Named for chef-owner Chrysa Robertson’s favorite wine – and to honor Arizona’s ranching history – Rancho Pinot captures Old Arizona with more lived-in authenticity than any restaurant in town. All that badass cowboy stuff comes naturally for a woman who lives in an 80-year-old adobe, tends chickens, rides horses, hikes the state, cooks over mesquite and arguably makes the best pies in town. She and ex-husband Tom Kaufman opened the restaurant in the Town & Country shopping center in 1993, moving to their present location in Scottsdale just nine months later. The place was an instant success for good reason. Robertson had worked for two of Arizona’s culinary dynamos (Carol Steele of C. Steele, Scottsdale’s first gourmet food shop; and Donna Nordin, nationally acclaimed for her Southwestern cuisine at Café Terra Cotta in Tucson) before fine-tuning her culinary chops with L.A. legend Nancy Silverton at Campanile. Robertson’s greatest skill? Making it all look effortless.
1 Cowboy stuff
Michael Collier of Collier Gallery “collects cowboy crap,” Robertson says.
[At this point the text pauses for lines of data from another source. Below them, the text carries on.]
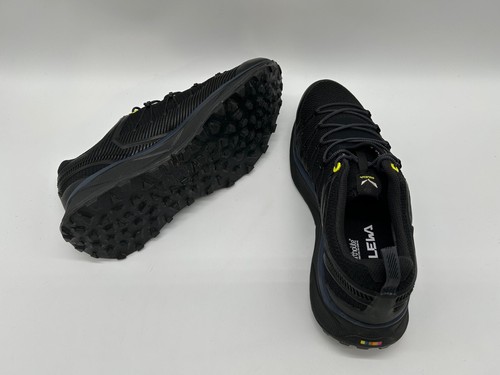 Salewa Dopline Herren Wanderschuhe Schwarz EUR 43 - Picture 3 of 3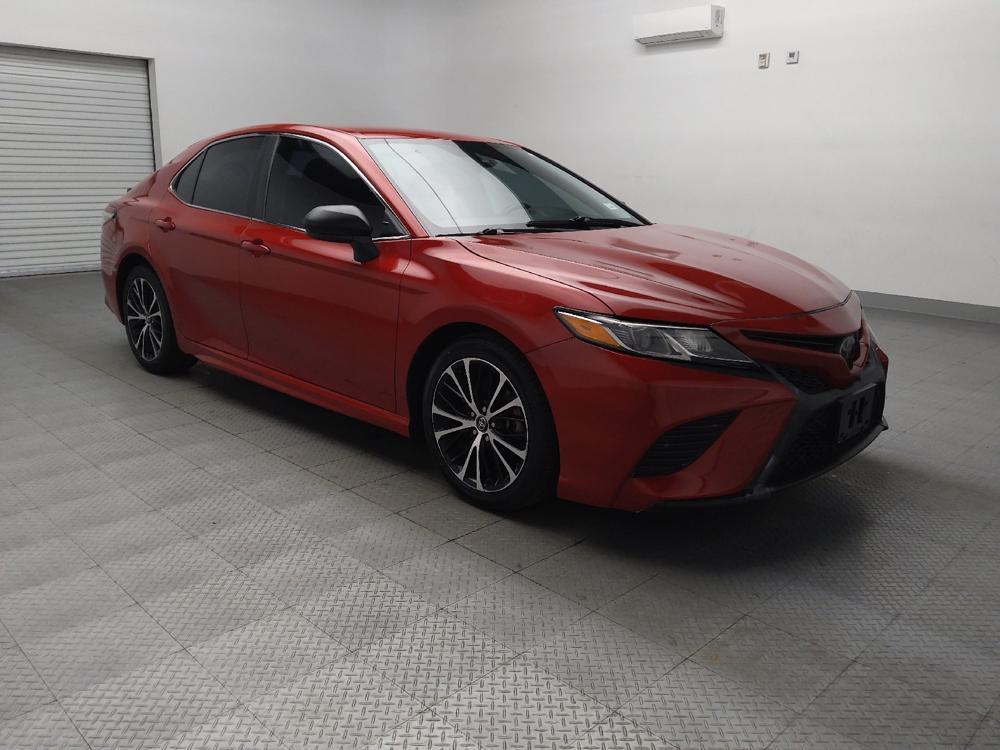 used 2020 Toyota Camry car, priced at $20,795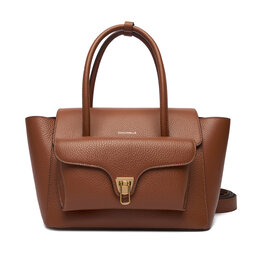 Coccinelle Handtasche Coccinelle T8A Coccinelledouble Beat E1 T8A 18 02 01 Braun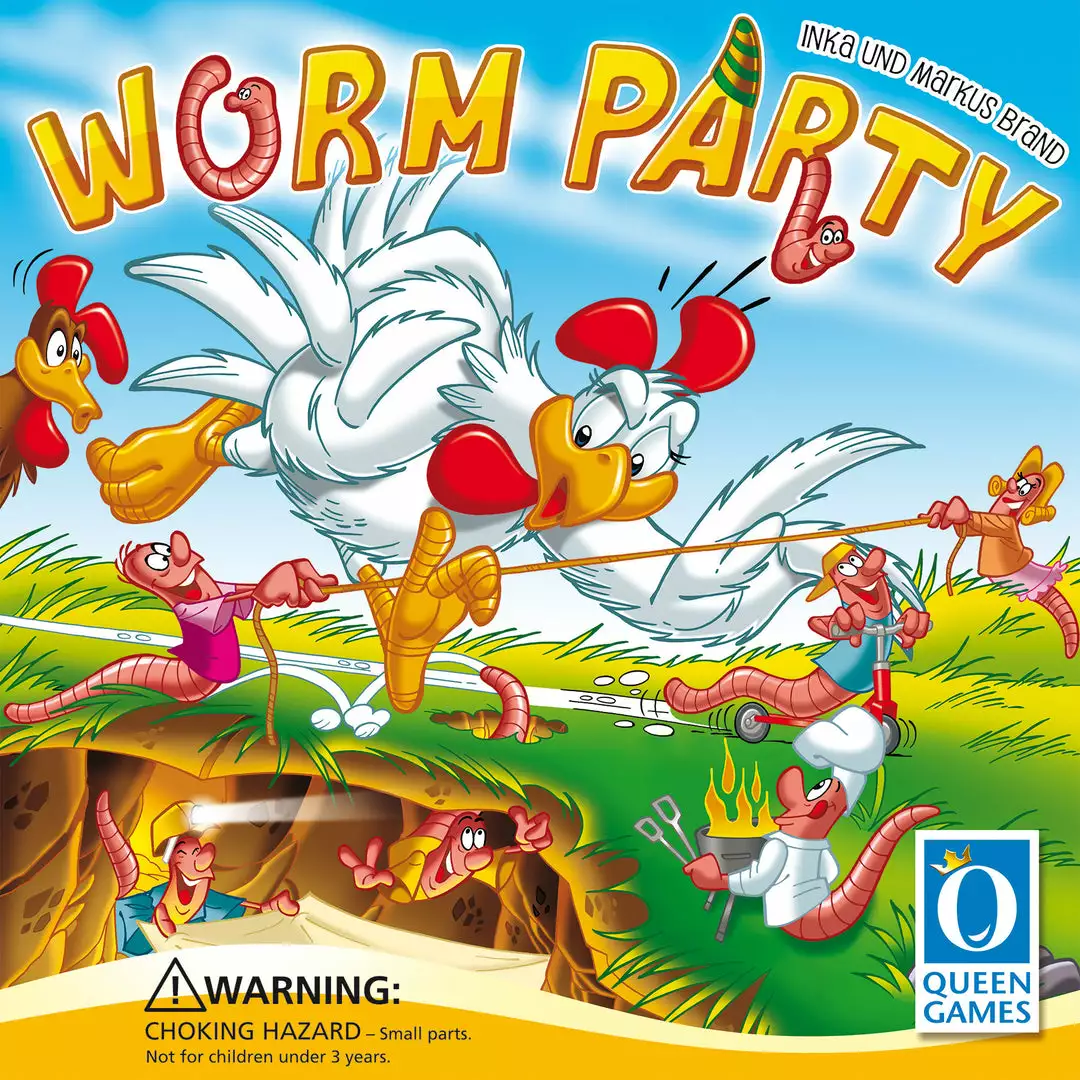 Queen Games Worm Party 1 Queen Games Worm Party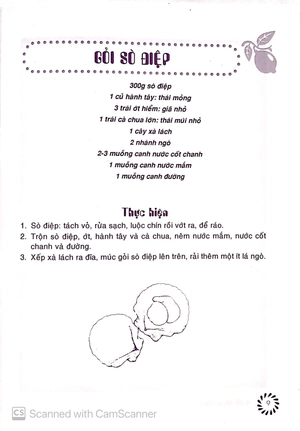 gỏi và các món khai vị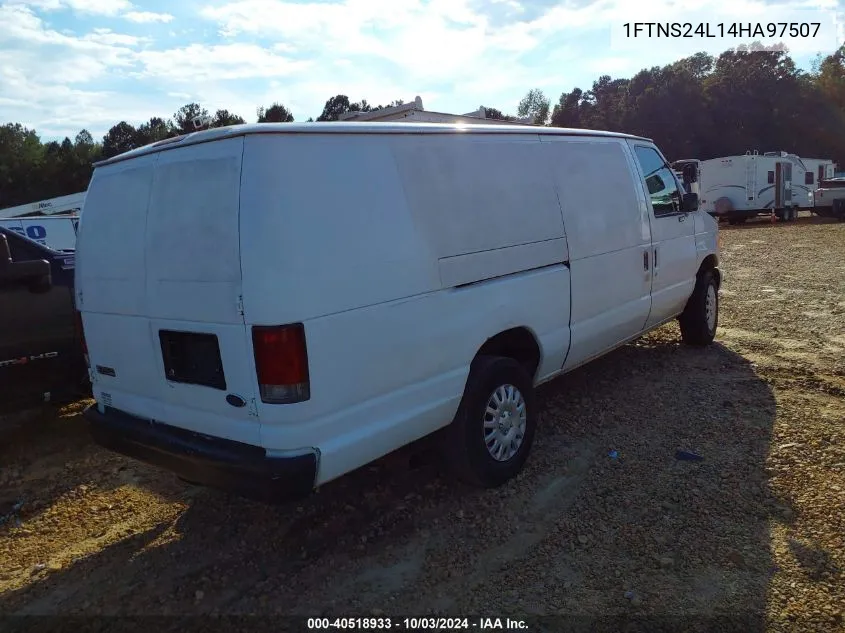 2004 Ford E-250 Commercial/Recreational VIN: 1FTNS24L14HA97507 Lot: 40518933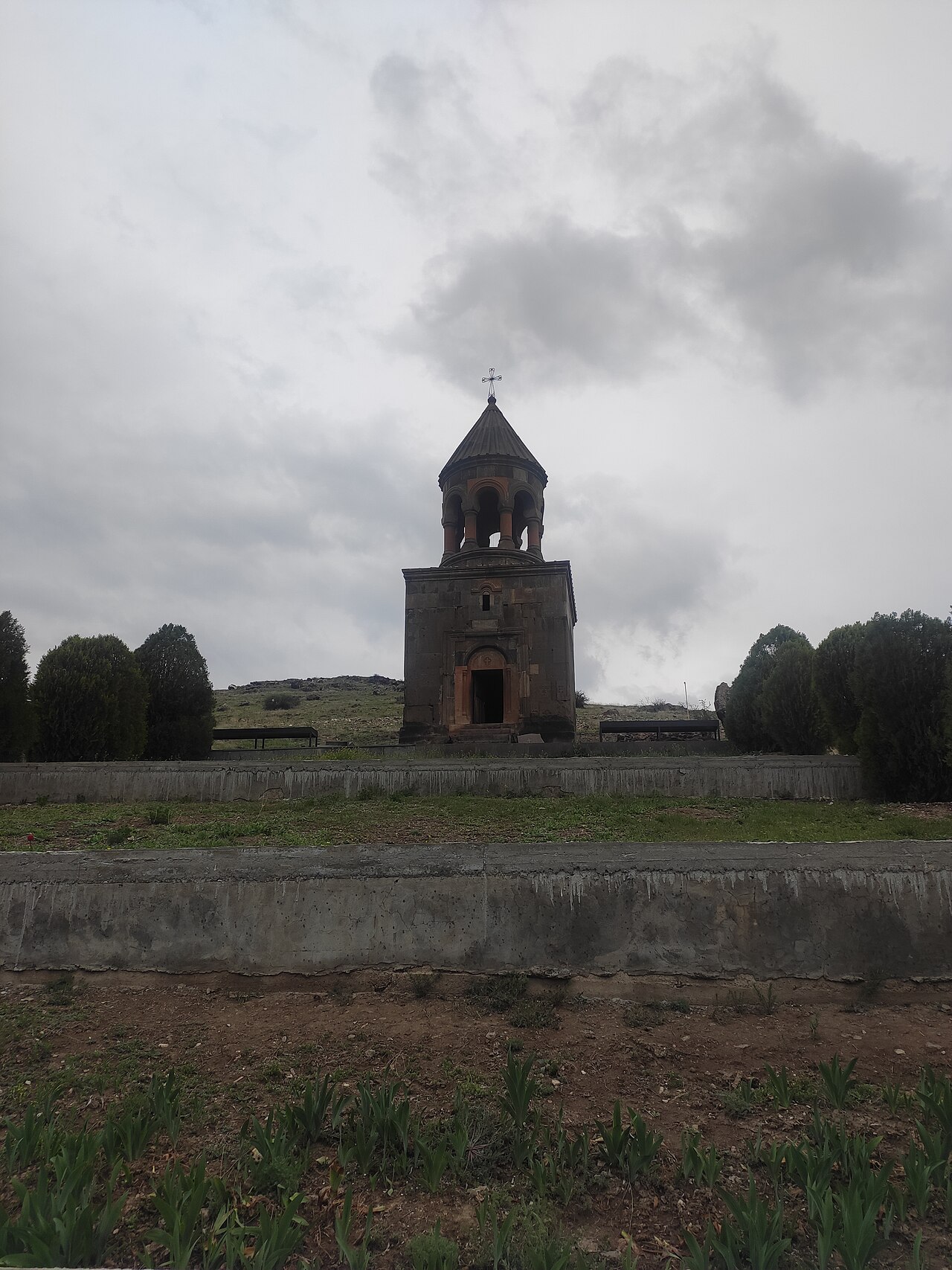 Una fotografia di Dzagavank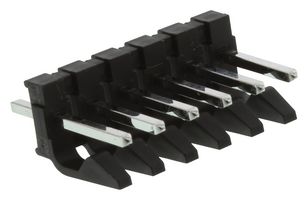MOLEX 26-48-1065 引脚针座, 线至板, 3.96 mm, 1 排, 6 触点, 通孔直型, KK 396 41671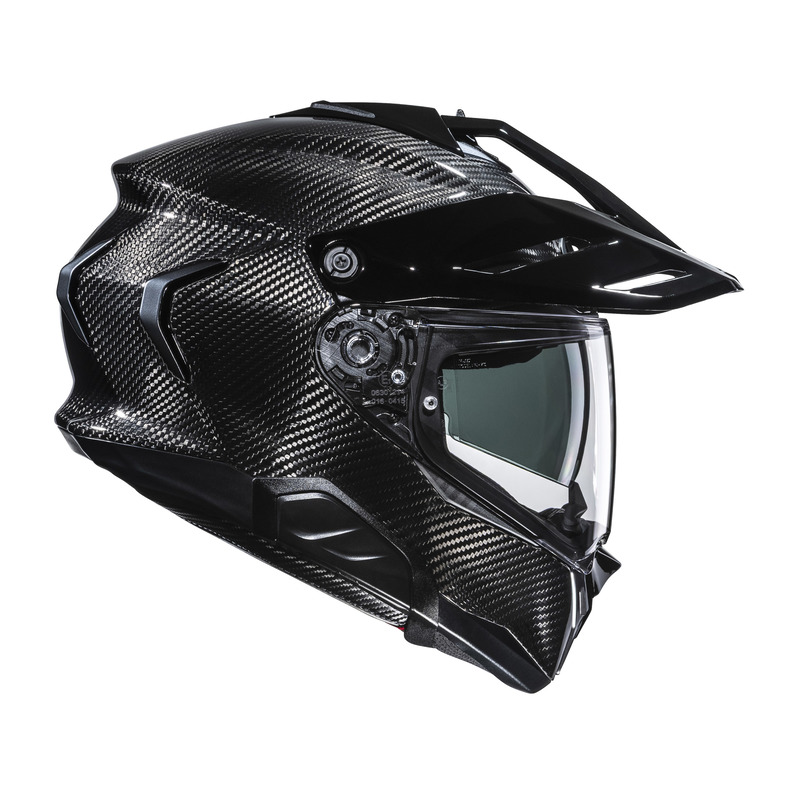 KASK MOTOCYKLOWY HJC RPHA60 SOLID CARBON BLACK M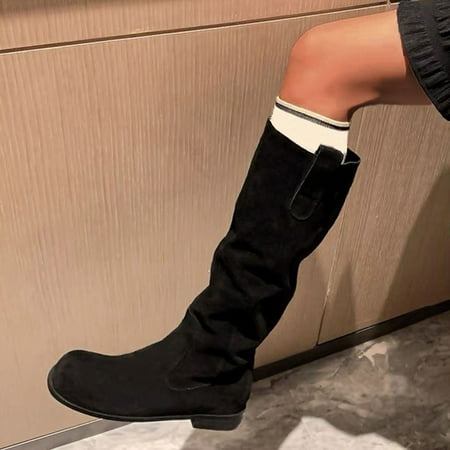 Cathalem Extra Wide Calf Thigh High Boots for Women Womens Shoes Retro Fashion But Knee High Boots Womens Cowboy Boots Mid Calf Black 7.5
Cathalem Extra Wide Calf Thigh High Boots for Women Womens Shoes Retro Fashion But Knee High Boots Womens Cowboy Boots Mid Calf Black 7.5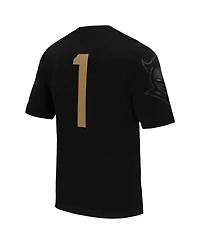 Nike Men's 1 Black Ucf Knights Alternate Game Football Jersey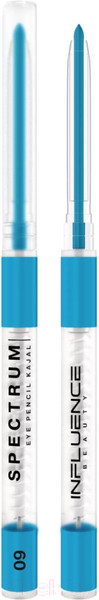 Изображение товара Карандаш для глаз Influence Beauty Spectrum Автоматический стойкий тон 09 (0.28г)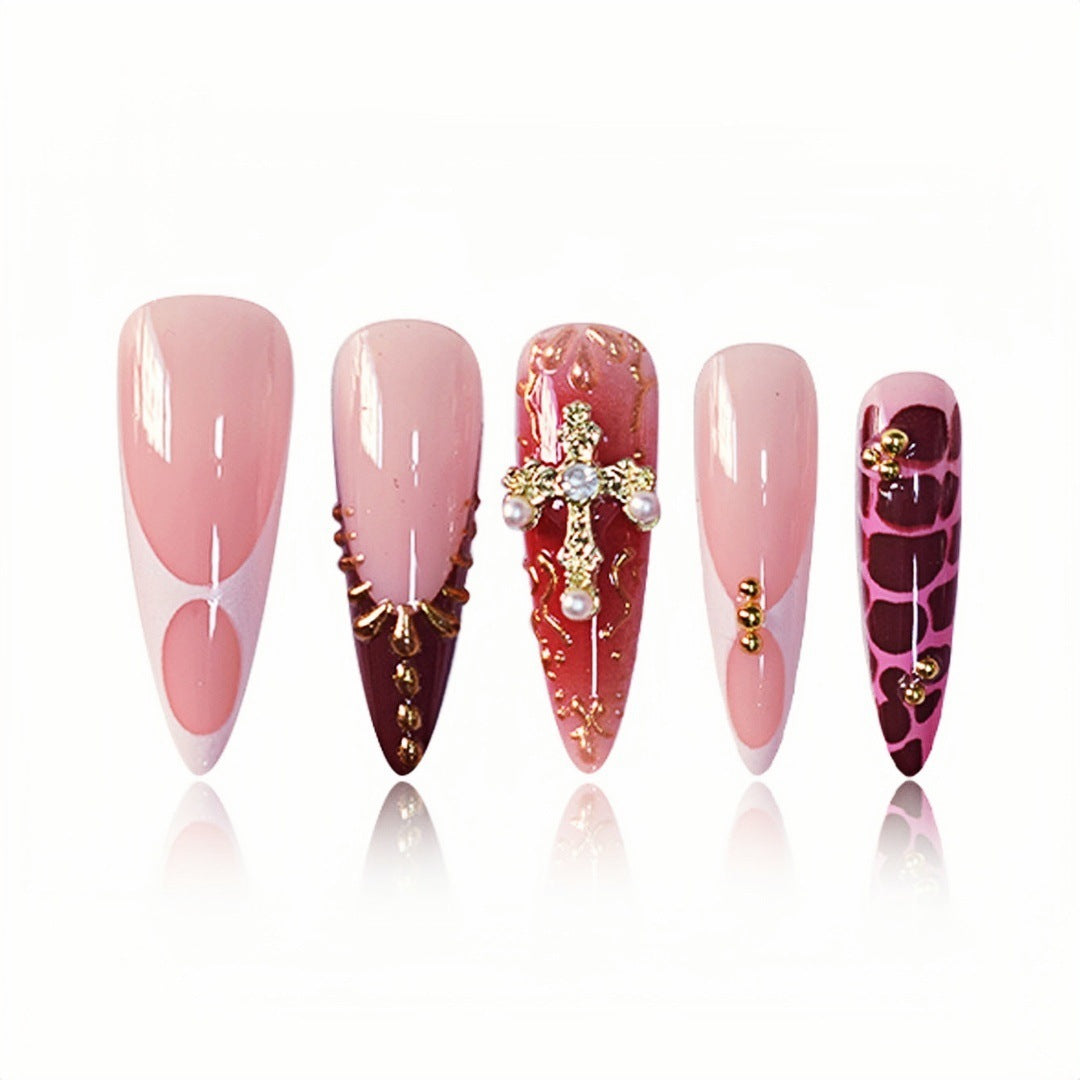 Luxe Stiletto Nagelkunstverlängerungen Brehn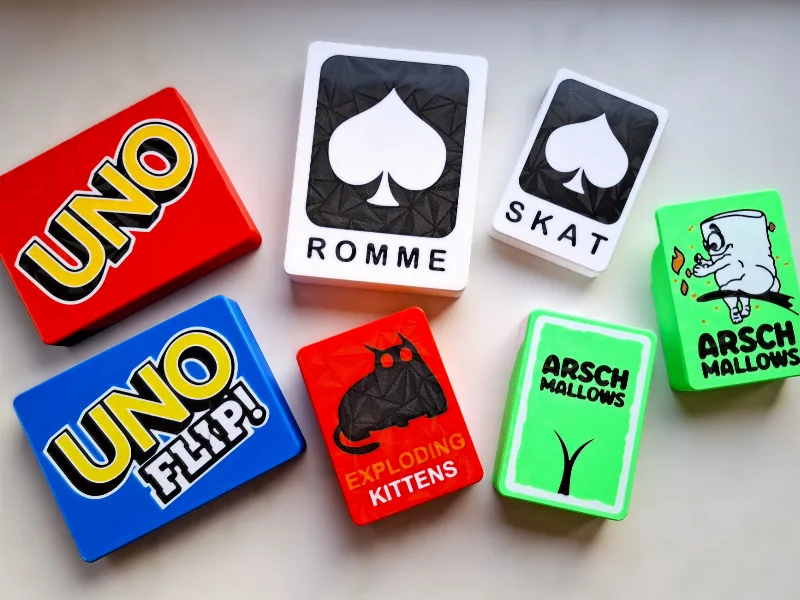 Playing Card Box - Poker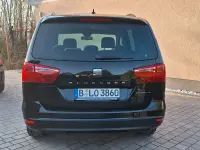 Gebraucht Seat Alhambra Ecomotive 150 PS (110 kW) 2013 Schwarz Van / Kleinbus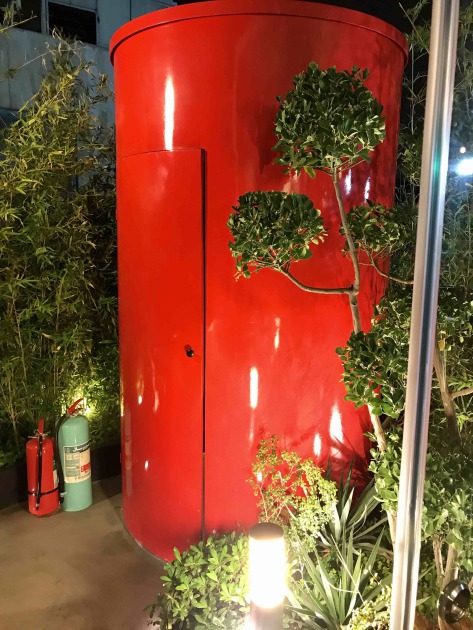 کابین دست ساز یورینال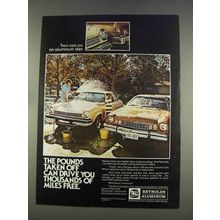 1977 Reynolds Aluminum Ad - Pounds Taken Off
He also curated her stunning collection of Western art and memorabilia, including works by seminal cowboy artists Lon Megargee and Till Goodan, a framed series of old bandannas and an illustrated list of old Arizona cattle ranches.
2 Glass Block
Robertson’s brother Brian (of Robertson Glass Block) added glass block everywhere – front windows, bar and kitchen wall – while her brother Kent essentially “built the restaurant,” using reclaimed Douglas fir wood from a burned library to build the bar top, the wine cellar and the rustic service tables.
3 Desert dÉcor
An old saguaro skeleton, found in Tucson days before Rancho opened, serves to disguise a weight-bearing pole. Overhead, a desert scene designed for a tablecloth in the ’50s by a couple from Arivaca has been transposed onto the big round lampshades that glow from the ceiling.
4 tchotchke cabinet
A red curio cabinet dubbed The Shrine began 24 years ago as a cheeky homage to Elvis. It now includes football memorabilia, religion-bashing tchotchkes (Robertson is an avowed atheist) and political collectibles – all given to Robertson as gifts.
5 nonni portrait
Robertson’s maternal grandmother – Lucia Bortolotti, depicted in this sepia-toned photo – is the patron saint of Rancho, where her legendary Sunday dinners are immortalized with a once-a-week entrée Robertson calls Nonni’s Sunday Chicken.